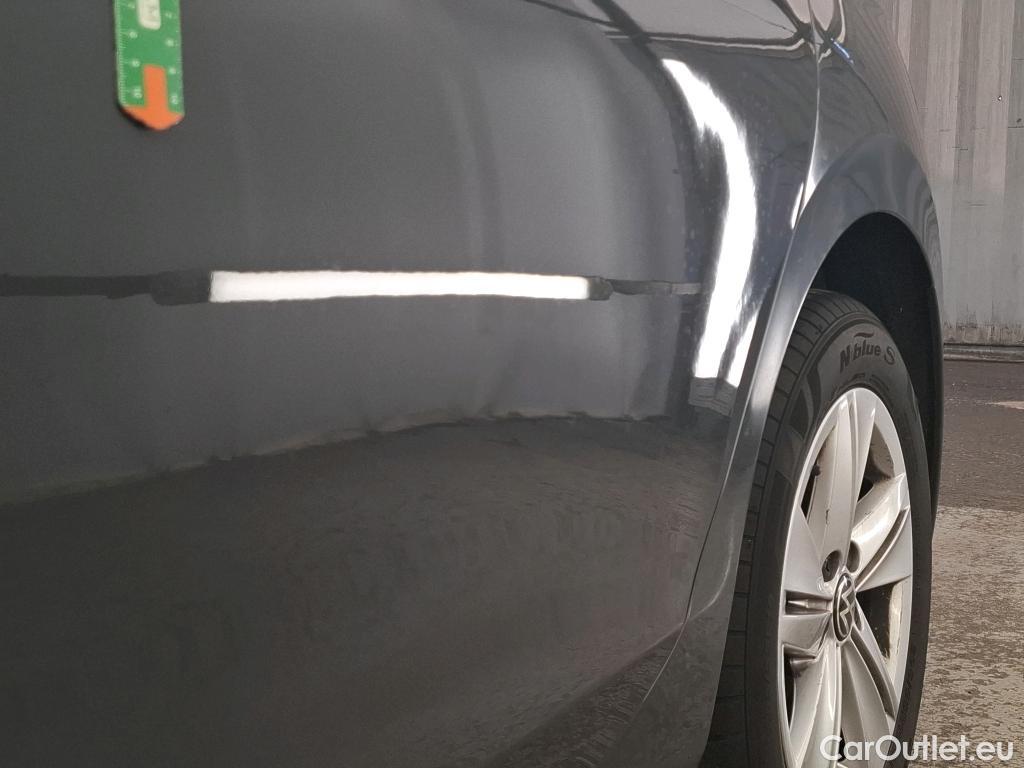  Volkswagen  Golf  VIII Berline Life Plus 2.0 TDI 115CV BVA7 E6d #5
--
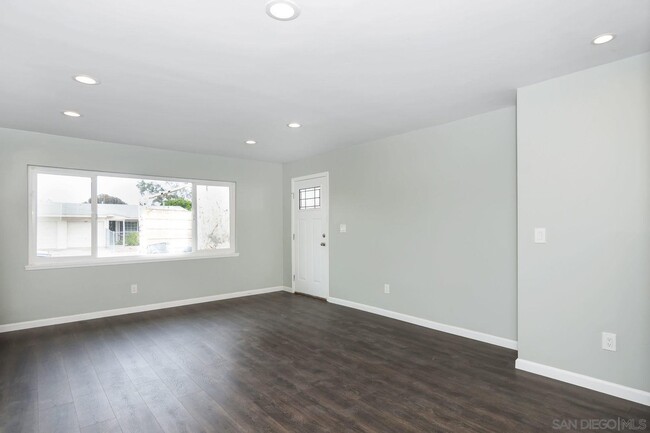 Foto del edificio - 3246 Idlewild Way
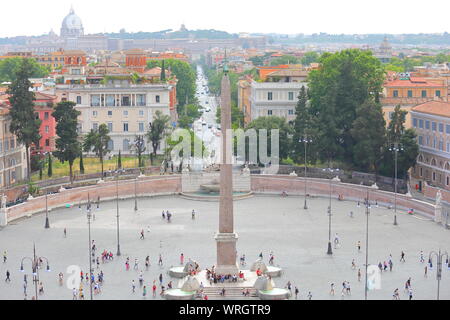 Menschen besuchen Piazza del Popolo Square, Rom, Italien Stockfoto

▸ **About this exercise**:
Copy word for word the lines above, starting at the line containing "Foto del edificio - 3246 Idlewild Way" and ending at the line containing "Menschen besuchen Piazza", inclusive, with no pictures.

▸ **Written reply**:
 Foto del edificio - 3246 Idlewild Way
 Menschen besuchen Piazza del Popolo Square, Rom, Italien Stockfoto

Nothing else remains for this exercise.